# Introduction

For a background corpus to build the GloVe embeddings, I used the complete PubMed CentralÂ® (PMC) Open Access non-commercial subset. The files used were downloaded on July 30, 2019. See the [PMC FTP](https://www.ncbi.nlm.nih.gov/pmc/tools/openftlist/) and [PMC About](https://www.ncbi.nlm.nih.gov/pmc/about/intro/) for information on accessing the data using FTP. 

(GloVe: Jeffrey Pennington, Richard Socher, and Christopher D. Manning. 2014. GloVe: Global Vectors for Word Representation.)

Here are some statistics about the downloaded articles:

* 958,634 articles (one .nxml file per article).
* XML files compressed are about 11.1 GB, 51.5 GB uncompressed (!)
* I'm using XML in order to exclude tables (where collocation data isn't very meaningful, especially when the tables are numeric).

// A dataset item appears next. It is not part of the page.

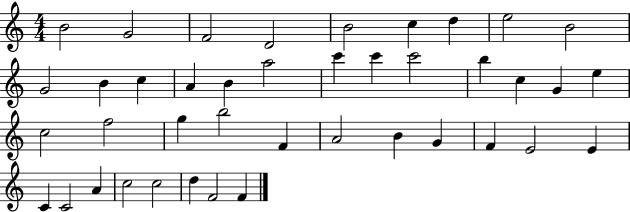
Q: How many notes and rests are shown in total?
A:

# Preprocessing the Corpus

I have included a simple python module `corpus.py` that simplifies the process of iterating over the entire corpus. At each step, a list of tokens from the next article is returned (punctuation removed). This module is included in this repository.

Each article's token list is written as a space delimited string into the file `corpus.txt`. Documents are separated by a newline character:

In [None]:
from corpus import DocumentCorpus

PMC = r'/media/ryan/ExtraDrive1/PMC/XML/'

docs = DocumentCorpus(root = PMC)
with open('corpus.txt', 'w') as output:
    for doc in docs:
        text = ' '.join(doc)
        output.write("\n")  # end of article

# Building the GloVe model

The first step is to download and build GloVe from [StanfordNLP GitHub](https://github.com/stanfordnlp/GloVe). Note that I was only able to run the python evaluation script using python 2.7 (and numpy).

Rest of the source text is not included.